Una muerte cargada de ominosos enigmas


La Corte de Apelaciones y la Corte Suprema verán cómo manejar esta vergüenza, en que el propio Pinochet tenía las manos bien metidas.
Fuente. La Nacion.
Foto: MR.



Tal fue la muerte del coronel Gerardo Huber Olivares. En febrero de 1992 se encontró su auto en los alrededores del río Maipo. El coronel había desaparecido. Se rastreó el río, pero sin resultados. Repentinamente, apareció su cuerpo en un islote con una perforación de bala en la frente. Quedó planteada una trágica disyuntiva: ¿suicidio o crimen?

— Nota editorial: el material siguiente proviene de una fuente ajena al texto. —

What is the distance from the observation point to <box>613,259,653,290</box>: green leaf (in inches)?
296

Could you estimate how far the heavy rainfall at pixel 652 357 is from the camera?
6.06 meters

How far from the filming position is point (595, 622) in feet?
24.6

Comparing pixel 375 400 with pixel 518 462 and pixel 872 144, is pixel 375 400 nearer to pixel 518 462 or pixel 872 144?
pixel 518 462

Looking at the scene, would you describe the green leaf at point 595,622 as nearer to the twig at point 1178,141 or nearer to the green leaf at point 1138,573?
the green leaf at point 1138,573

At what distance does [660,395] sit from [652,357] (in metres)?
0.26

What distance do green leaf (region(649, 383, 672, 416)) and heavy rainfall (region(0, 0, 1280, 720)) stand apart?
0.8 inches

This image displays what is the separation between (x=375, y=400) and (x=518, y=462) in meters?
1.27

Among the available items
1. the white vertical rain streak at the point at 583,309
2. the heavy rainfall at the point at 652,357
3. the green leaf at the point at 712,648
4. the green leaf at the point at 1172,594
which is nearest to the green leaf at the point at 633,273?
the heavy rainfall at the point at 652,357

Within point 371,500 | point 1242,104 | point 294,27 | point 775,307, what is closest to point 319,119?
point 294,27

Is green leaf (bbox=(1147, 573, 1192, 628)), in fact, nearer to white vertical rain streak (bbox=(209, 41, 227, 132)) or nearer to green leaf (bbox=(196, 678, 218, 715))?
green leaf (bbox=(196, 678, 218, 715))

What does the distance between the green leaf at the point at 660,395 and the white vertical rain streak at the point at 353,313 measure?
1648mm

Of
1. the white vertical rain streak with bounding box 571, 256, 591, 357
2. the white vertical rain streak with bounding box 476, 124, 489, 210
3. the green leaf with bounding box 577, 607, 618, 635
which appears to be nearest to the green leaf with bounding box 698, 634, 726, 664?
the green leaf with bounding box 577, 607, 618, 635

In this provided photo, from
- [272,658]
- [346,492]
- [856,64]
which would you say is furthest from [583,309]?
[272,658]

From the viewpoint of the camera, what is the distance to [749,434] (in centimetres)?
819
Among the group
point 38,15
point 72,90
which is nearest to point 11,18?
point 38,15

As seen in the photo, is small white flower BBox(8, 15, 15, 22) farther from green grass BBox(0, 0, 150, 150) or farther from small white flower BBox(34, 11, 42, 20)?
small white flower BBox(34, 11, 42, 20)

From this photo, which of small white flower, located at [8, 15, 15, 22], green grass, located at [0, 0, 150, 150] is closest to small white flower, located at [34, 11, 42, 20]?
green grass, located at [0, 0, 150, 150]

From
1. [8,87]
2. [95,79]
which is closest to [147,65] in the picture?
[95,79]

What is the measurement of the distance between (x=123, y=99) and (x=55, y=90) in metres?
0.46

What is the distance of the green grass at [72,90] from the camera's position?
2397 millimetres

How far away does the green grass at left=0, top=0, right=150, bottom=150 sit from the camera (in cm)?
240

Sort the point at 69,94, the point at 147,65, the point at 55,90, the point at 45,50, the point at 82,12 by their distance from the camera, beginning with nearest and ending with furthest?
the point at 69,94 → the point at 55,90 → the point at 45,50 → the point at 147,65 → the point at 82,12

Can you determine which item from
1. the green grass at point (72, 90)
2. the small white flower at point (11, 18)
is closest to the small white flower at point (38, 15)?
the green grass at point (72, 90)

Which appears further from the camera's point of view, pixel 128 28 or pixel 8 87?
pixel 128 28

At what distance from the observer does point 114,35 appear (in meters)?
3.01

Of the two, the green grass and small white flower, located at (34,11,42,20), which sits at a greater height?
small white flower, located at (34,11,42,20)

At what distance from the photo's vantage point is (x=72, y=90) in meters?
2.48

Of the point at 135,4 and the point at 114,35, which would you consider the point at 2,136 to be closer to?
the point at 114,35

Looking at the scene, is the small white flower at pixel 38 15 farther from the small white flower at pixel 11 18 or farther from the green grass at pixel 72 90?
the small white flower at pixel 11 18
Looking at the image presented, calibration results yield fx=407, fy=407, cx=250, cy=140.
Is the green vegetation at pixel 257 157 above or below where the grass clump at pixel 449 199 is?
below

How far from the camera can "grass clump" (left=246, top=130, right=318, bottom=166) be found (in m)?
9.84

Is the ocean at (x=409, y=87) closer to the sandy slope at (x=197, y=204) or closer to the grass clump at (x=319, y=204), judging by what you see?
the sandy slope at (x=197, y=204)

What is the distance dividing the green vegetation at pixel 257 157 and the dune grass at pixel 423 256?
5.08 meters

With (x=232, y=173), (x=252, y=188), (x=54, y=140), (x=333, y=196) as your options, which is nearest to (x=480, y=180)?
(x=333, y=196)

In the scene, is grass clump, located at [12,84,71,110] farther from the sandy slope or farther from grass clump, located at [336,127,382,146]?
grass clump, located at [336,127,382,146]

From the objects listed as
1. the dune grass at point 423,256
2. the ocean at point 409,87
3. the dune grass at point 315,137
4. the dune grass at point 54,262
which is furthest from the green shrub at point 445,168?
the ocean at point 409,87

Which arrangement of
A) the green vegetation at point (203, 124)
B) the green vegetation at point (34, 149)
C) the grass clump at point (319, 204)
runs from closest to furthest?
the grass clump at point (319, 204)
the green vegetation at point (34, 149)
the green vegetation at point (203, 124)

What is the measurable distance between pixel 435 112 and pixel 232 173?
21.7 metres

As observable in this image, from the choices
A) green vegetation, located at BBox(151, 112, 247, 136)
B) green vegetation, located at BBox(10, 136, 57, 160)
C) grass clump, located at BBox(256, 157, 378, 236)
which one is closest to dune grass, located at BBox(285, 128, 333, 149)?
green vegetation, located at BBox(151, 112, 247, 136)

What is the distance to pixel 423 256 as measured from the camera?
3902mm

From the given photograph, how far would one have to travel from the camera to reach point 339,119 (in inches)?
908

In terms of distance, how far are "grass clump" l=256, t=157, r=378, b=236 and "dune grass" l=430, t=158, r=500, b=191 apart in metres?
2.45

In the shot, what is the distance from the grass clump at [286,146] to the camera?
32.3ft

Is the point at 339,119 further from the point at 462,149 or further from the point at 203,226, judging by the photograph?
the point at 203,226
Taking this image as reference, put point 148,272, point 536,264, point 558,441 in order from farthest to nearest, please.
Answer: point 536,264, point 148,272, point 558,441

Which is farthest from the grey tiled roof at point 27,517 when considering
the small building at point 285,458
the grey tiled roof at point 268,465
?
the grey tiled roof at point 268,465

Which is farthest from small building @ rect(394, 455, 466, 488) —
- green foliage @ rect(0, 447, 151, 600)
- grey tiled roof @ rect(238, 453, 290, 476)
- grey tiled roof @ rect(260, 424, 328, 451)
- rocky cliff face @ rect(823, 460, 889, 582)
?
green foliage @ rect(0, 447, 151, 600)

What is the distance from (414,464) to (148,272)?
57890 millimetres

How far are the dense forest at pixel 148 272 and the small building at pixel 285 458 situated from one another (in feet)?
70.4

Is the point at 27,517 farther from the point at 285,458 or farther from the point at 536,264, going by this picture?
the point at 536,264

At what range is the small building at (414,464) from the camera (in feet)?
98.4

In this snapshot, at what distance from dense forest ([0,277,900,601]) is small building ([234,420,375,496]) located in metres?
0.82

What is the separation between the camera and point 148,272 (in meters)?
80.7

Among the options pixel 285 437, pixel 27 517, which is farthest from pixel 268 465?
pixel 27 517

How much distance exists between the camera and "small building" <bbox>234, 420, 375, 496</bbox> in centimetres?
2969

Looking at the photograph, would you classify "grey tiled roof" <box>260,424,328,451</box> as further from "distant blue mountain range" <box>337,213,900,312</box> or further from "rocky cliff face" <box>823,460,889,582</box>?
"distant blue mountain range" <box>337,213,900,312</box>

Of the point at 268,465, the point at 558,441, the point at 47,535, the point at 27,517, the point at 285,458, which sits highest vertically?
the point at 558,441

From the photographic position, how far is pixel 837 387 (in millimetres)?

Bien pronto este hecho se vinculó con la venta fraudulenta de implementos de guerra que realizó Famae -institución del Ejército- a Croacia bajo el rótulo de “material sanitario”. El coronel Huber estaba evidentemente bien informado de esta transacción. Sabía demasiado.
Estábamos en democracia y se instruyó una investigación judicial. Fueron pasando los años y el enigma del coronel Huber no se aclaraba. El Ejército, hermético, sostenía su tesis del suicidio. Pero la familia no se conformaba con esta explicación. La justicia daba tiempo al tiempo. Y por fin un juez, Claudio Pavez, se atrevió. Después de 17 años salió una sentencia judicial en primera instancia: se trató de un crimen. Una bala del Ejército asesinó al coronel. Cuatro altos oficiales en retiro fueron condenados.

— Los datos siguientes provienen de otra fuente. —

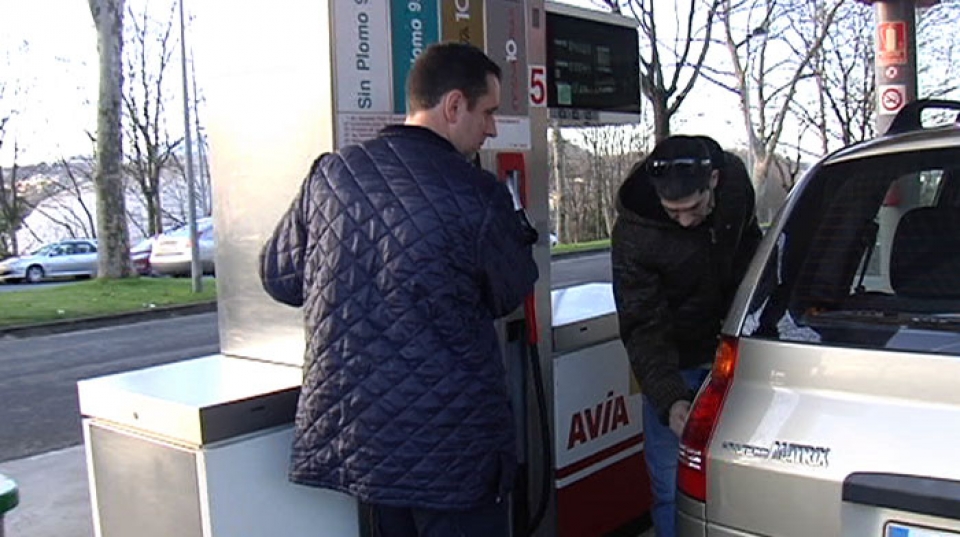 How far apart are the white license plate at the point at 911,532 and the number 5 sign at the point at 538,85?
79.5 inches

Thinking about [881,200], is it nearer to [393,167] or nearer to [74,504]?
[393,167]

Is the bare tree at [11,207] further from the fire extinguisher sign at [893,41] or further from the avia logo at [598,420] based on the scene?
the avia logo at [598,420]

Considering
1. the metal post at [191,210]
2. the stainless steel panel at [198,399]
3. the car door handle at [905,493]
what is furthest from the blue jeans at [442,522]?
the metal post at [191,210]

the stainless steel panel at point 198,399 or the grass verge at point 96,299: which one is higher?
the stainless steel panel at point 198,399

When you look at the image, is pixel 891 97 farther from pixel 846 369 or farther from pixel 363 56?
pixel 846 369

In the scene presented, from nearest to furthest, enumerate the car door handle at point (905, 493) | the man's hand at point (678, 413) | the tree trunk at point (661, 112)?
the car door handle at point (905, 493), the man's hand at point (678, 413), the tree trunk at point (661, 112)

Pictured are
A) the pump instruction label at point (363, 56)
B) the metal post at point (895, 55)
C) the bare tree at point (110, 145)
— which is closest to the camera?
the pump instruction label at point (363, 56)

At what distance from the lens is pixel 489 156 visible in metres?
3.19

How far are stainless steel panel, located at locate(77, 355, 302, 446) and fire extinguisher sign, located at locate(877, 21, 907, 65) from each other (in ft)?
22.4

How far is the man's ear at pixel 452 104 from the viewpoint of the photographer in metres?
2.34

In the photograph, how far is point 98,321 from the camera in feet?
44.5

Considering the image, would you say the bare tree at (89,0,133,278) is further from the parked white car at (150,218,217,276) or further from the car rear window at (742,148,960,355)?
the car rear window at (742,148,960,355)

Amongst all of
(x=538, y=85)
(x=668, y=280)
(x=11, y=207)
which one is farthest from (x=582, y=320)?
(x=11, y=207)

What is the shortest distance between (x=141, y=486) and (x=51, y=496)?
2957 millimetres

Es cierto que fue una sentencia a medias. Es cierto que se identificó la bala y el fusil. Uno de los cuatro fusiles de extraordinaria precisión que conserva un batallón del Ejército. Se condenó al que facilitó el arma, pero no se identificó al que apretó el gatillo. La DINE (Dirección de Inteligencia del Ejército) fue la que dispuso el asesinato. Pero no se demostró la culpa del general jefe de la DINE, Eugenio Covarrubias, sino tan sólo la del entonces subjefe, Víctor Lizárraga, y el BIE (Batallón de Inteligencia del Ejército) se encargó de la ejecución. El brigadier (R) Manuel Provis, jefe del BIE, fue condenado a ocho años; Carlos Krumm, entonces director de Logística del Ejército, fue condenado a 541 días, y Julio Muñoz recibió una condena de 600 días. Todos los sentenciados tuvieron media condena, porque los muchos años pasados permitieron cierta prescripción. Al final debía reputarse como crimen de particulares y no del Ejército.
Estas condenas representan la constatación de un horrendo crimen, en que la traición de amigos y compañeros, la corruptela de negociados militares, la conjura de una institución que tendría que ser intachable, toman cuerpo. La Corte de Apelaciones y la Corte Suprema verán cómo manejar esta vergüenza, en que el propio Pinochet tenía las manos bien metidas.